When the chief justice was removed, this battle of the judiciary became a public event. These massive rallies, these were covered by the media minute to minute. During one of these rallies in Islamabad, GEO Television, which is the largest private news television channel in Pakistan, their offices were raided by the police security forces, and this whole confrontation was broadcast live on television. This was the first time that Pakistanis all over the country saw, and the television media experienced, what a crackdown could look like.
After this confrontation at GEO, the government introduced some new laws. What journalists felt most upset about was the restrictions on live coverage. The government realized, obviously, that breaking news had a huge effect on mobilizing people.
BOB GARFIELD:
And then almost immediately a test of the media. This past summer in the standoff at the Red Mosque, when Musharraf's forces liberated it from Islamic militants holed up inside and killed dozens or hundreds of people, including women and children, tell me about the coverage. You believe the media failed that test, don't you?
SHAHAN MUFTI:
The battle of the Red Mosque really did become a test for journalists, and this is something that they admitted to themselves. Journalists not only got caught up in negotiating a settlement between the government and the leaders of the Red Mosque through on-air negotiations carried out by anchors, but the channels also got blocked out from covering the news because of the new stringent laws and curbs introduced by the government. So their treatment of the Red Mosque issue became really muddled, and many said that they failed the litmus test.
BOB GARFIELD:
We are nearly a week into a state of emergency in Pakistan, where Musharraf has consolidated power still farther. Today's headlines: the arrests of 500 political opponents, including legislators. Tell me what effect this is having on the media, and to what extent the crackdown has been felt there.
SHAHAN MUFTI:
Well Bob, the first inklings of any suspicion that I had is when I turned on the television and found that all the news outlets that we have been talking about were selectively missing from my cable signal. So right now, Pakistan is in an effective media blackout. All Pakistanis are dependent on the state television to provide them their news and information right now. This has pretty much thrown [LAUGHS] back society eight years. Nobody remembers living like this, and it is leading to a lot of frustration.

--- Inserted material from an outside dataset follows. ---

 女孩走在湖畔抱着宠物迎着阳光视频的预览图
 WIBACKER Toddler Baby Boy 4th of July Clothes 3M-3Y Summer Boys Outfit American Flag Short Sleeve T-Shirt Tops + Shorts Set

During President Musharraf's address to the nation, he described a negativist media that was creating an environment that encouraged terrorism in the country and it was also standing in the way of governing. So he really pinpointed the media as one of the reasons why he had to dismiss the constitution and introduce effective marshal law in the country.
BOB GARFIELD:
Let's just say that Musharraf's position becomes untenable and the army steps in, as he did in the past, to take over, what do you think it will do with the free media?
SHAHAN MUFTI:
This is a million-dollar question, Bob. [LAUGHS] Private media has never known anything but Pervez Musharraf's military rule. Many journalists I spoke to remember working for the print media and getting dragged out of bed in the middle of the night for writing a wrong story. A lot of journalists also express despair with how so-called democratic leaders in this country, how their insecurities might just make for a wholly different and much more oppressive media environment.
But many are quite confident that the expectations that people in the most remote villages have linked to having free access to information now in Pakistan. It has really become a backbone for the democratic movement in this country. It will be a very hard process to roll back.
BOB GARFIELD:
All right. Shahan, thank you so much.
SHAHAN MUFTI:
It was a pleasure.
BOB GARFIELD:
Shahan Mufti is a freelance journalist reporting for The Christian Science Monitor in Islamabad. His article, “Musharraf's Monster,” is in this month's Columbia Journalism Review.